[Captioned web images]
........

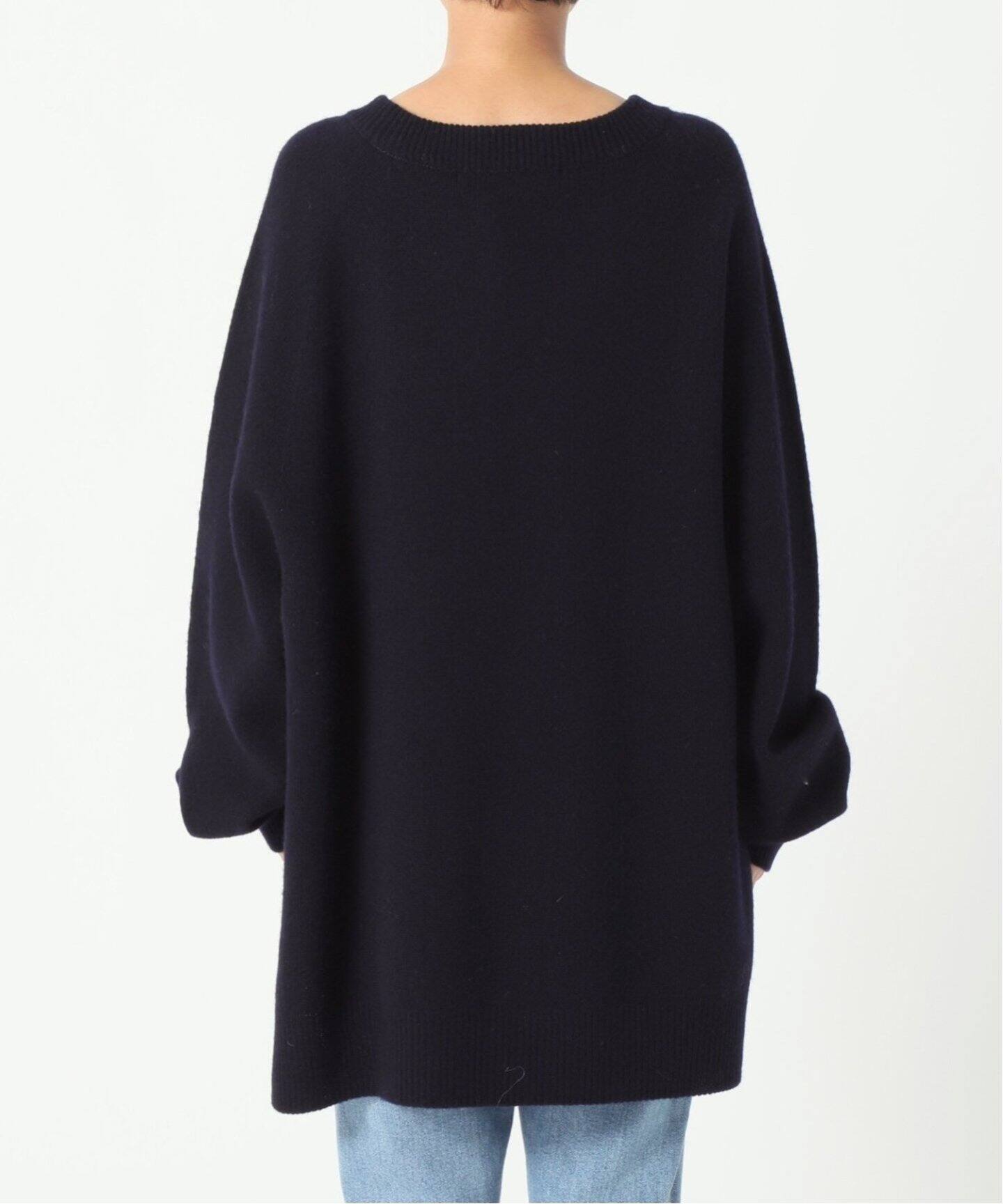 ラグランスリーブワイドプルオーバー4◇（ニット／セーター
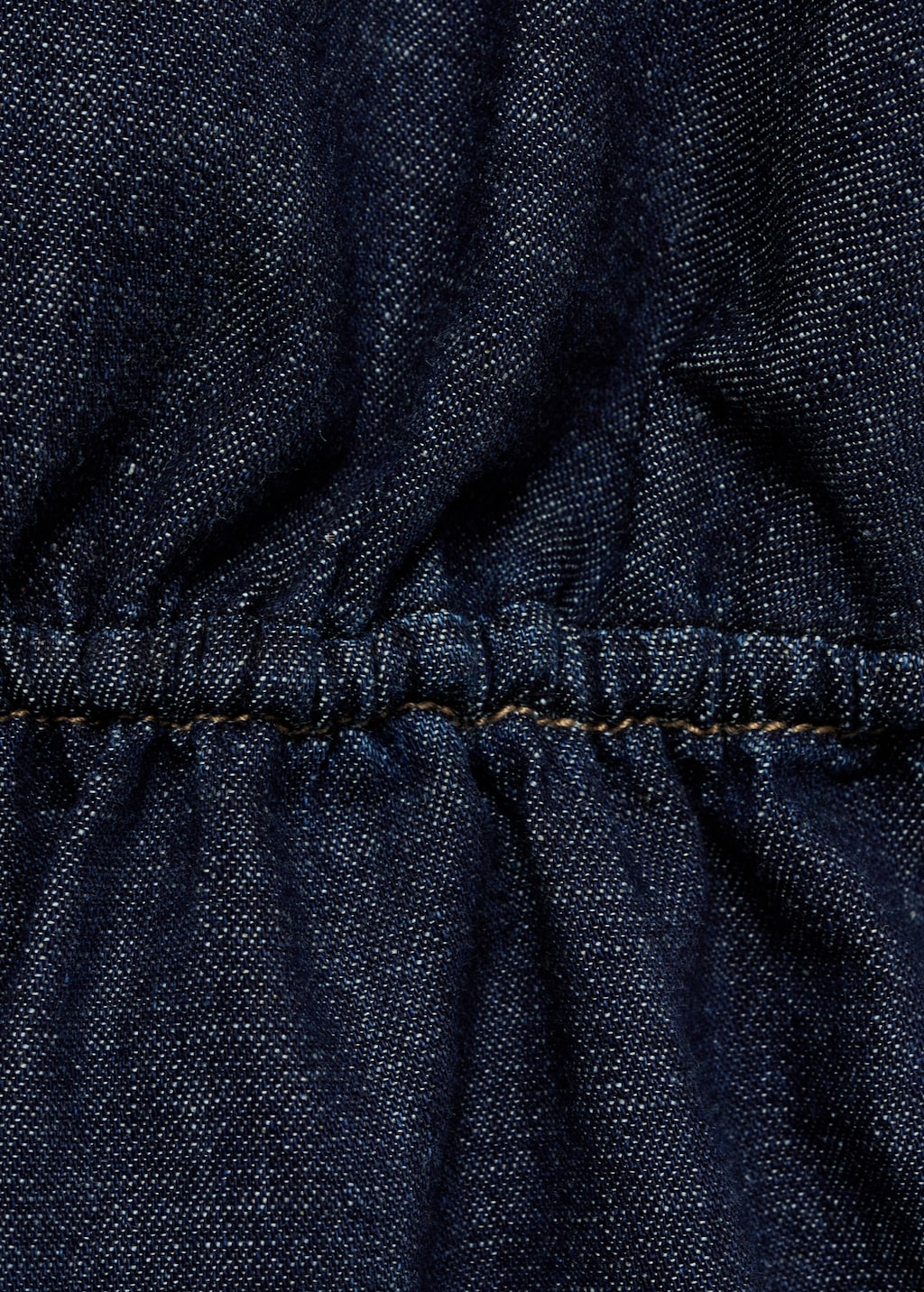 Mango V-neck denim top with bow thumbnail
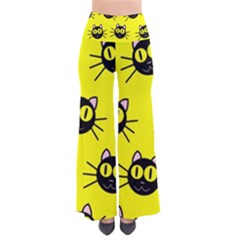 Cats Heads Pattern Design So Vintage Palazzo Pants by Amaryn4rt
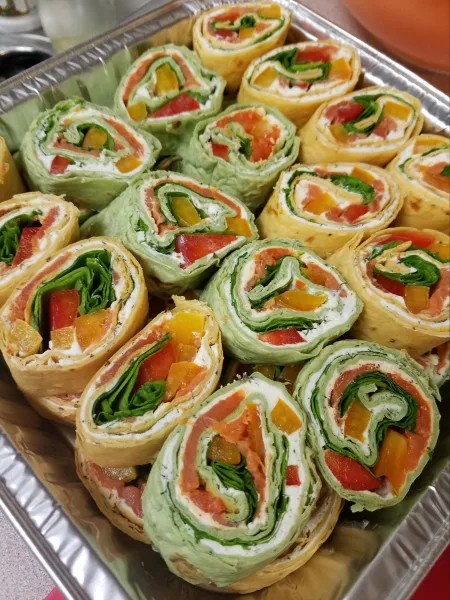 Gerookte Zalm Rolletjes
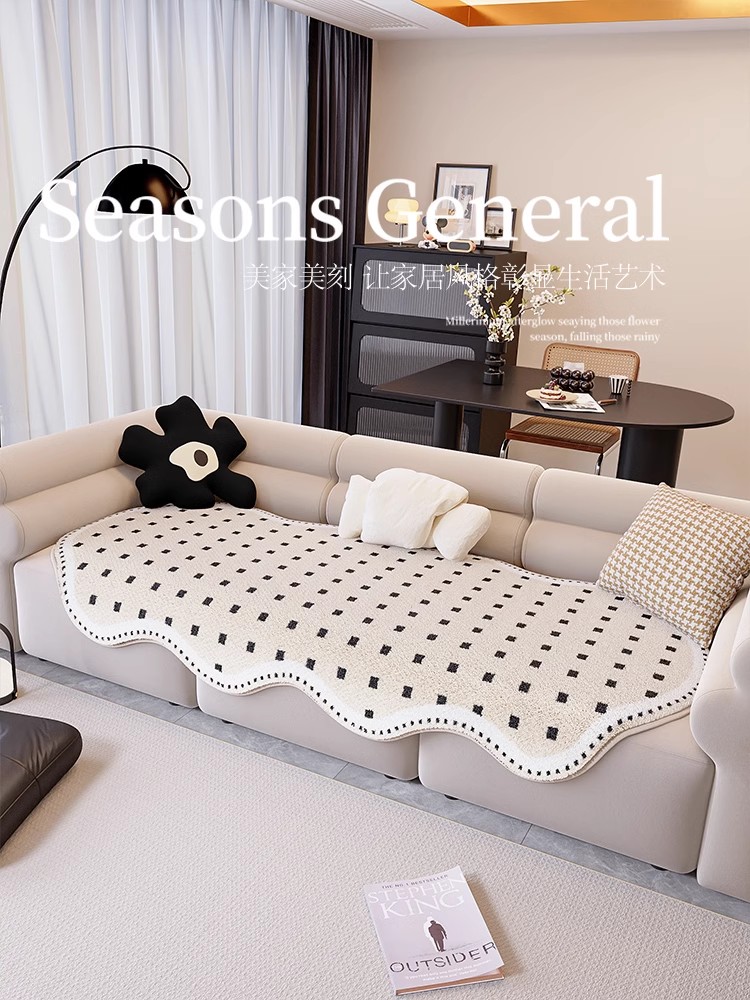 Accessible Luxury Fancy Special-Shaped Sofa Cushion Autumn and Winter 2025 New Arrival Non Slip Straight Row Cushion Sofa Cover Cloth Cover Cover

........

→ **The problem**
Apart from its pictures, the data is to be repeated exactly.

→ **Answer box**
 ラグランスリーブワイドプルオーバー4◇（ニット／セーター
 Mango V-neck denim top with bow thumbnail
 Cats Heads Pattern Design So Vintage Palazzo Pants by Amaryn4rt
 Gerookte Zalm Rolletjes
 Accessible Luxury Fancy Special-Shaped Sofa Cushion Autumn and Winter 2025 New Arrival Non Slip Straight Row Cushion Sofa Cover Cloth Cover Cover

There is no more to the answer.